While I feel better, I'm also a realist. I don't believe we're in the process of moving higher, stimulus or no stimulus. The headwinds are severe and not all baked into the cake as yet. We may move somewhat higher, but we'll be coming right back down. So, as I reported recently, I've written covered calls and lightened some long positions. I've increased my gold ownership and inverse bonds. Both will help further out when inflation starts screaming. The inverse 10 year treasuries may not help as the economy deteriorates further.
So far the Fed, Treasury, and Congress have attempted, ineptly and impossibly, to neutralize the necessary correction on housing, investment banking,commercial banking, and the auto industry. What's still to come? Here's my list of 2009 problems:
- Emerging market sovereign debt. Developing countries have borrowed huge amounts and, with economies crumbling, cannot repay. We'll need to create old-time Brady Bonds to hide this mess for a few years. The same cast of characters, big investment banks, domestic and foreign, insurance companies, and hedge funds were at work here.

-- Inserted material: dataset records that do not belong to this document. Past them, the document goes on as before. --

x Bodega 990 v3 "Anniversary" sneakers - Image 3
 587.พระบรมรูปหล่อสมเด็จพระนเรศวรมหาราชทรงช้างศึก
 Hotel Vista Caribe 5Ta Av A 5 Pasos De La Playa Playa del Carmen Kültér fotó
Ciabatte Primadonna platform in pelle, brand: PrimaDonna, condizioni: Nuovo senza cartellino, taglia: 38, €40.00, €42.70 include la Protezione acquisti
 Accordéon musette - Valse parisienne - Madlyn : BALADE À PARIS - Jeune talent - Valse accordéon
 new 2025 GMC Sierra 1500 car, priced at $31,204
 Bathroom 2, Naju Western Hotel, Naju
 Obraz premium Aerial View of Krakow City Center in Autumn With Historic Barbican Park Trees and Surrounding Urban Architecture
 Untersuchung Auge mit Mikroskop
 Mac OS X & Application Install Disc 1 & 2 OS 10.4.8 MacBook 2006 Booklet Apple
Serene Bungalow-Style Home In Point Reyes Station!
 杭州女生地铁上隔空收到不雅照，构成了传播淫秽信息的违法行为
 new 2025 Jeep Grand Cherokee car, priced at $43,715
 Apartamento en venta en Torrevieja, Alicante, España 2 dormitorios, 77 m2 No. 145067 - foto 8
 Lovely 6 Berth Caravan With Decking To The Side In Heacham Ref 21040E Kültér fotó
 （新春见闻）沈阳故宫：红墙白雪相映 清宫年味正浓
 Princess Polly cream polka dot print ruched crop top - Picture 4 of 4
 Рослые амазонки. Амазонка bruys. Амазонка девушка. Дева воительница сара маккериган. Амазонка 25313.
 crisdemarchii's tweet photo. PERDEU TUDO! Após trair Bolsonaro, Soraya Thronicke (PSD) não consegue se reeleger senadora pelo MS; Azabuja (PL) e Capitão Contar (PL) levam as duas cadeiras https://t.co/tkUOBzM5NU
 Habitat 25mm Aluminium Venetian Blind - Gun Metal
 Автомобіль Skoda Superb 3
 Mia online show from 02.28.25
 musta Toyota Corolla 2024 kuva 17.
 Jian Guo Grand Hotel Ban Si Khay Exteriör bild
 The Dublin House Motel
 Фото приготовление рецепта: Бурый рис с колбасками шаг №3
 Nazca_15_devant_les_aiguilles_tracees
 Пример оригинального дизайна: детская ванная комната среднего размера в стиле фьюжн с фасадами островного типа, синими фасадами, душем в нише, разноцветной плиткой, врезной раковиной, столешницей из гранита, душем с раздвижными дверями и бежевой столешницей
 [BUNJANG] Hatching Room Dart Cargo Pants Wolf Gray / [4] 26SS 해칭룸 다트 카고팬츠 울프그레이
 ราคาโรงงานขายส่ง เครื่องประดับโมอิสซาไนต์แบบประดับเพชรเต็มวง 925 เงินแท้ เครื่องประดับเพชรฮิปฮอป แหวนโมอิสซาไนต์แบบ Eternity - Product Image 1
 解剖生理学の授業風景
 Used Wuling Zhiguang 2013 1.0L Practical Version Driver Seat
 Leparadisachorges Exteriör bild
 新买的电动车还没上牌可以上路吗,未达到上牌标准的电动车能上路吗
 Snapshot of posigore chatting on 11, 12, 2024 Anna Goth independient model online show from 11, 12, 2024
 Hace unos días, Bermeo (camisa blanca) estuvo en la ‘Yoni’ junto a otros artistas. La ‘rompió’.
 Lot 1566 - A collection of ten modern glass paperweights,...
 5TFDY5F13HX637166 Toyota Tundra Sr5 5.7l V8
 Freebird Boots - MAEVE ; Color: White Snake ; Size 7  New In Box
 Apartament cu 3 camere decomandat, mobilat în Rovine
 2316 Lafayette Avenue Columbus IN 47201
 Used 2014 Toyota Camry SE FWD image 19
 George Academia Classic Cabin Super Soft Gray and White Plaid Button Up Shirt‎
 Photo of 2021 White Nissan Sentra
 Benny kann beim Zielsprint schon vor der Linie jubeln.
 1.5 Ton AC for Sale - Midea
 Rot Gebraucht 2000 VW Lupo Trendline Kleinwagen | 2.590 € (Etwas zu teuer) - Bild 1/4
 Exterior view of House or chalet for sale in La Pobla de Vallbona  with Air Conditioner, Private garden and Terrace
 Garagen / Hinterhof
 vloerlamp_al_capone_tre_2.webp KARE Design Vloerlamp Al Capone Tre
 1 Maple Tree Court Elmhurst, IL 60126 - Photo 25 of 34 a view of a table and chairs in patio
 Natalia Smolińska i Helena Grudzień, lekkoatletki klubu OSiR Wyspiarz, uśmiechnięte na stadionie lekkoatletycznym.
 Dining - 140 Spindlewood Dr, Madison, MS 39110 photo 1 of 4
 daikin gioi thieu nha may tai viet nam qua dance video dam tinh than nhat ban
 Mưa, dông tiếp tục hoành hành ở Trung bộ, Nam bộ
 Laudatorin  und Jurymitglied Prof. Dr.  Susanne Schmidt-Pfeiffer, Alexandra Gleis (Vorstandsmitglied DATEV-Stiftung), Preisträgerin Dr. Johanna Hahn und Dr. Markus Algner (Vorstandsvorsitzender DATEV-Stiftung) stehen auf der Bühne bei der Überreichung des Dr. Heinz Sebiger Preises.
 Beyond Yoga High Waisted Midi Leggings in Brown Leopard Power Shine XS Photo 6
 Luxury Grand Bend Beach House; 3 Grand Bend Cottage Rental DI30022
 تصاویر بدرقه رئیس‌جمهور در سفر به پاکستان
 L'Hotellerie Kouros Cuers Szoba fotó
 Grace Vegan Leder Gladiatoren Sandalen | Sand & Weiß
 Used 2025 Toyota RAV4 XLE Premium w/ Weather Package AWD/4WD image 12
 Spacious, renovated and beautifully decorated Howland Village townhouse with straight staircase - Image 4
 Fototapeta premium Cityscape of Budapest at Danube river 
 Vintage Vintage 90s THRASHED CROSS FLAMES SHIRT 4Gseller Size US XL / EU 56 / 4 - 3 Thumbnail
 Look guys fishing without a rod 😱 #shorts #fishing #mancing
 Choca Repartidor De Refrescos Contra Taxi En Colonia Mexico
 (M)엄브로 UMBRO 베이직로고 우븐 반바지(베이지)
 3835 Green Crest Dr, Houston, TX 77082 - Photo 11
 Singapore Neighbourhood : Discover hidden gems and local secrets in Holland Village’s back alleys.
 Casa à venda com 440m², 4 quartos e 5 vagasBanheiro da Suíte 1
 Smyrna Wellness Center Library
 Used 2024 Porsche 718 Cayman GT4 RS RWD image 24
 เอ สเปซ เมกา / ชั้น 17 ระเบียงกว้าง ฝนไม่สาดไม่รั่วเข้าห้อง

- Municipal Bond defaults are coming. You've read about California's problems and the other states and cities lining up for handouts in Washington. Their claim is that they have only a liquidity issue. Wrong. They've built empires and now tax revenues are falling and they are not even going to be close to being able to pay their debt service. Tax increases will only compound their problems. Defaults are inevitable with bondholders taking losses in the restructuring. The yields are high for a reason.
- Leveraged Buy-Outs are toast. They've stayed alive by refinancing when rates were dropping. A weak economy is going to kill their profitability and bankers won't be in a position to restructure creatively. Bankruptcy restructuring will become the LBO norm. Equity and bondholders will both lose, especially the stock ownership.
- Public Pension Plans and University Endowment Funds will increasingly admit their mistakes. Both were the favorite sales target of all of the go-go financial ideas of the past decade. They will take staggering losses. The bad news is that the public pension plans will come back to cities and states and demand more funding to keep their obligations kosher. That will mean tax increases or program cuts elsewhere. Universities that built bloated structures, all did, based upon higher tuition through endowment help and student loans will find that neither are as plentiful as anticipated and will cry for help from the states.
- Worst of all, the US Government and Congress, will find that tax revenues are woefully short of expectations. In the face of bailouts of all nature, massive stimulus spending, and Federal Reserve printing of money, the World will see that the U.S. tax receipts are slowing dramatically. Much less capital gains and corporate profits than in the Bush era plus a higher unemployment rate and less personal income tax doesn't fund debt service on tons of new, and old, treasury debt very effectively. That in itself should induce higher interest rates, but it will also lessen the safety trade into treasuries and this will move interest rates upward.
- And we're still not done with crazy derivatives gone wild. They will be with us for years as they blowup and unwind.